Cogería a Tom por su cuenta —si hacía falta incluso lo sacaría a bailar— y le diría que pensaba dejar a Robert. Iría a Nueva York la semana siguiente y les daría la noticia. Primero a Robert. Después a Grace.
«Dios mío —pensó Tom—, esto va a ser como la última vez.» El baile había empezado hacía más de media hora y cada vez que él intentaba acercarse a ella, alguien la abordaba o lo abordaba a él. Y cuando pensó que ya lo conseguía notó un golpecito en el hombro. Era Diane.
—¿Las cuñadas no tenemos derecho a bailar?
—Diane, creía que no ibas a pedírmelo.
—Y yo sabía que tú no ibas a hacerlo.
La agarró y al momento se desanimó un poco al oír que la siguiente pieza era una balada lenta. Diane llevaba puesto un vestido rojo que había comprado en Los Ángeles y había intentado pintarse los labios a juego, pero no le había salido muy bien. Despedía un fuerte olor a perfume con un fondo de licor que él pudo detectar también en sus ojos.
—Estás guapísima —dijo.
—Es usted muy amable, caballero.
Hacía mucho que Tom no veía a Diane bebida. No sabía por qué, pero le entristeció. Ella presionaba sus caderas contra él, arqueando de tal forma el cuerpo que Tom supo que si la soltaba iría a parar al suelo. No dejaba de observarlo con una especie de cómplice mirada burlona que él no comprendía ni mucho menos le gustaba.
—Me ha dicho Smoky que al final no fuiste a Wyoming.
—¿Eso te ha dicho?
—Ajá.
—Bueno, pues es verdad. Uno de los caballos estaba enfermo, así que iré la semana próxima.
—Ajá.
—¿Qué pasa, Diane? —Él lo sabía, naturalmente. Y se maldijo por darle la oportunidad de decirlo. Habría sido mejor cambiar de tema.

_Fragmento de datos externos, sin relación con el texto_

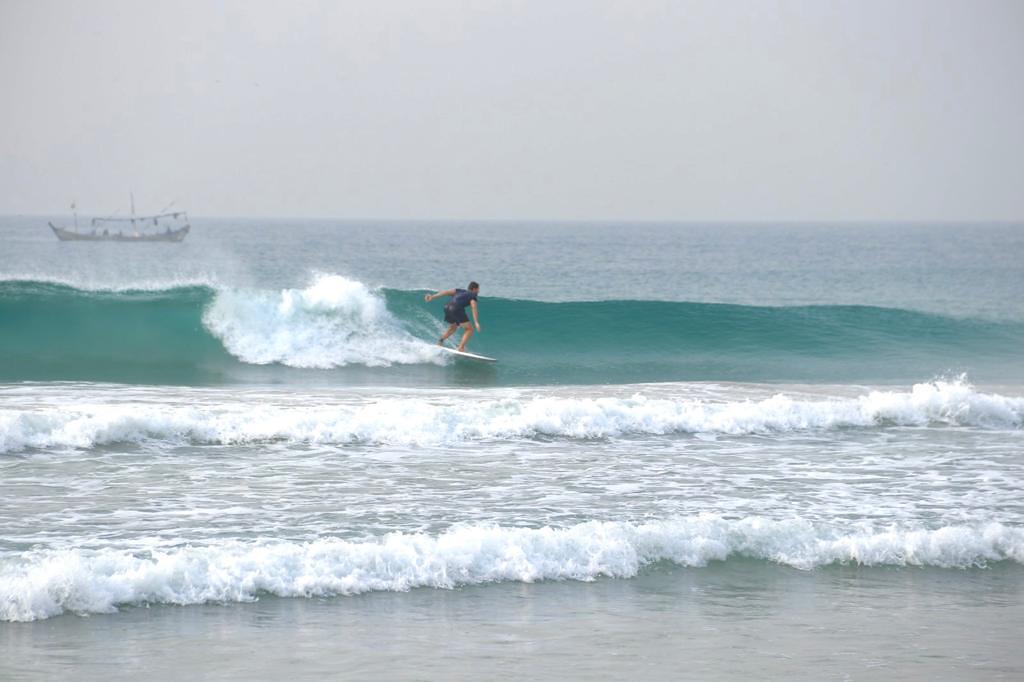 Harmattan 2021, La Routes des Pêches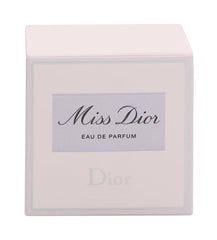 Dior Miss Dior EDP packaging box showcases a chic, gift-ready presentation.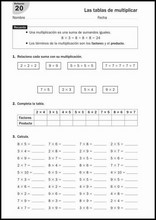 Exercícios de matemática para crianças de 8 anos 131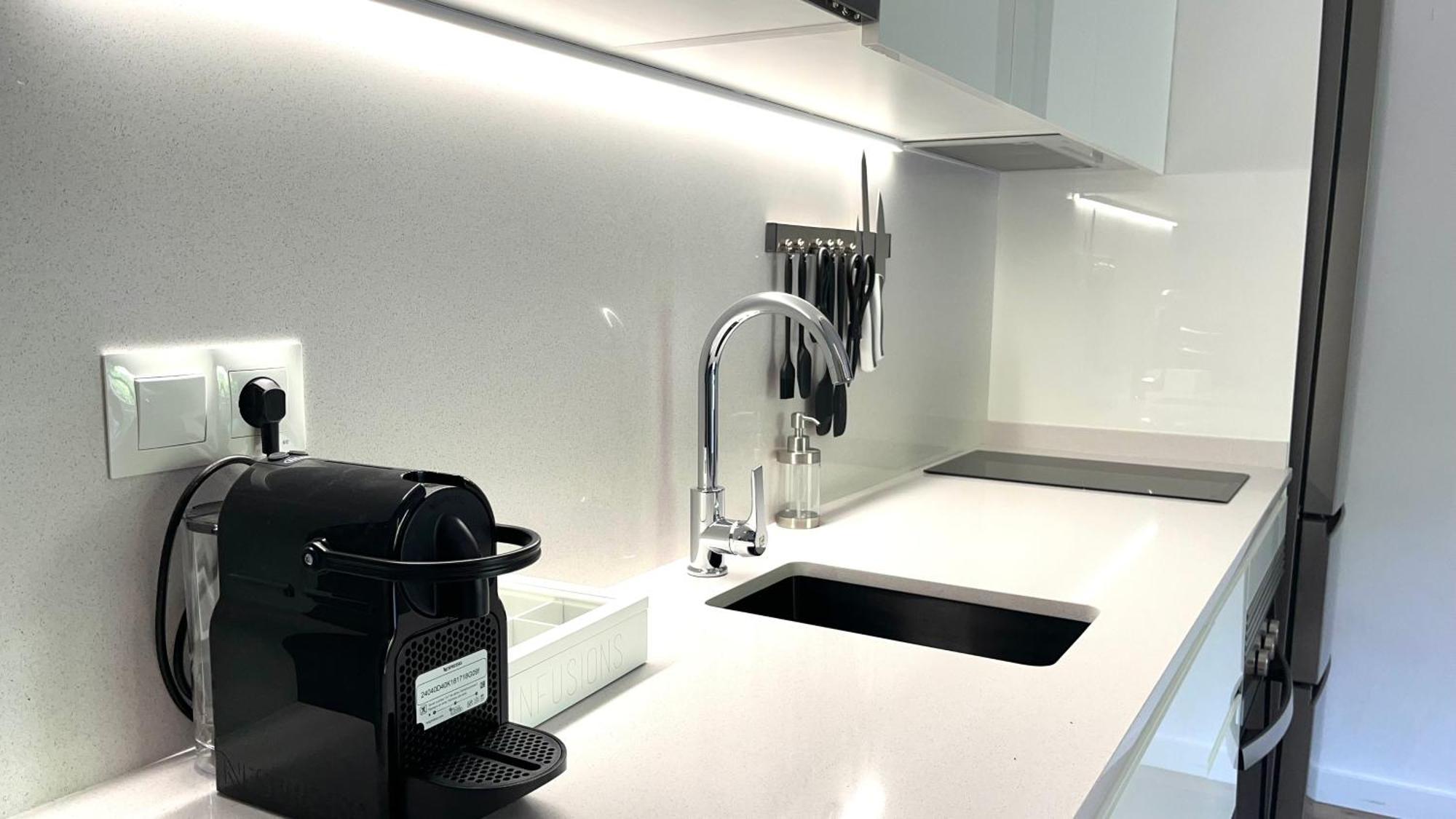 Apartament Centro Con Terraza Blco By Prestigi Terrassa Zewnętrze zdjęcie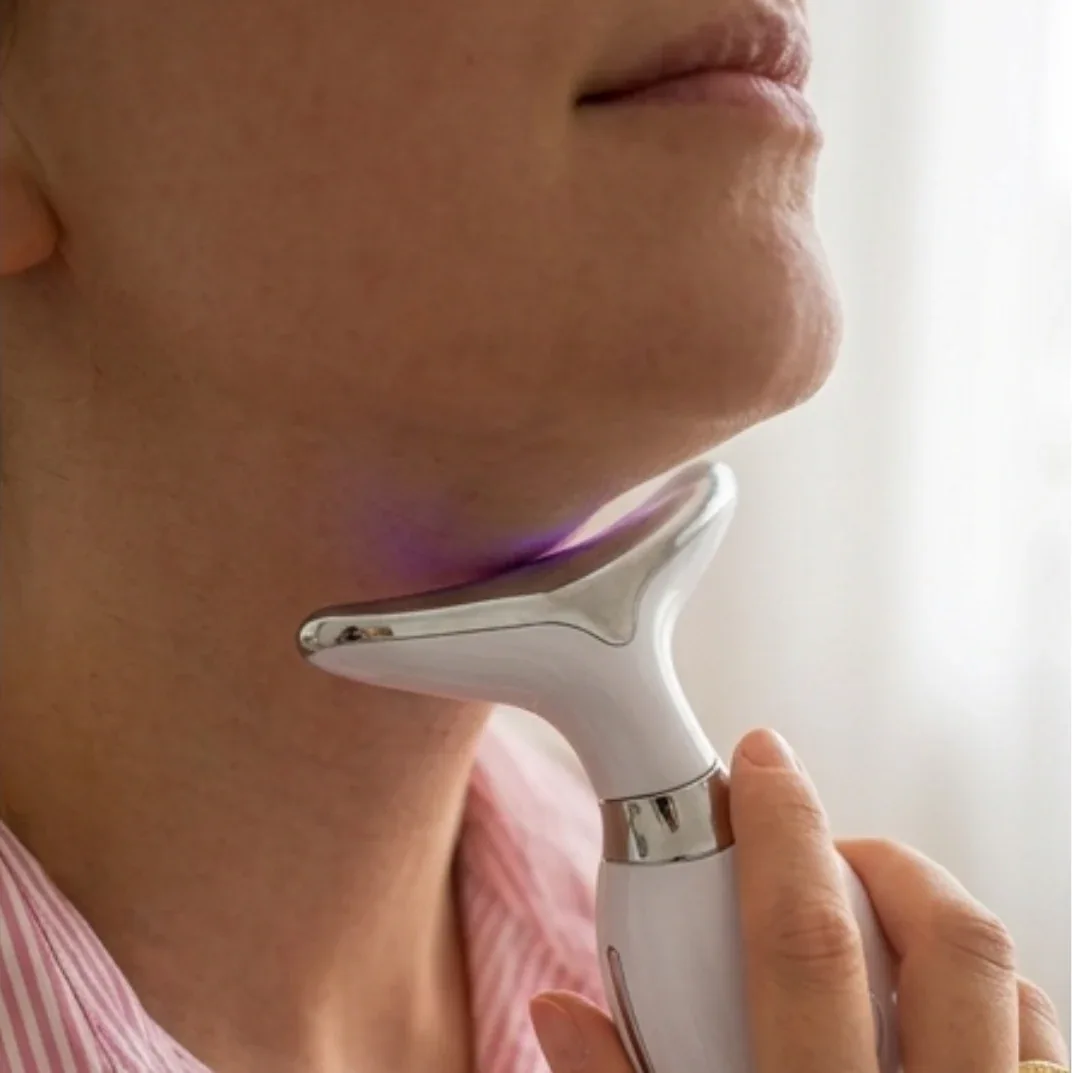 Masajeador Facial V-Lift Glow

—Sólo espero que te hayas portado bien, eso es todo.
—Vamos, Diane. Has bebido más de la cuenta.
Fue un error. Ella lo fulminó con la mirada.
—No me digas. ¿Crees que no lo hemos notado todos?
—¿Notado el qué?
Otro error.
—Ya sabes de qué hablo. Casi puede olerse el vapor que os sale a los dos.
Tom sacudió la cabeza y desvió la mirada como si Diane estuviese loca, pero ella comprendió que había dado en el clavo, porque sonrió triunfante y agitó un dedo delante de su nariz.
—Menos mal que regresa a su casa, cuñado mío —dijo.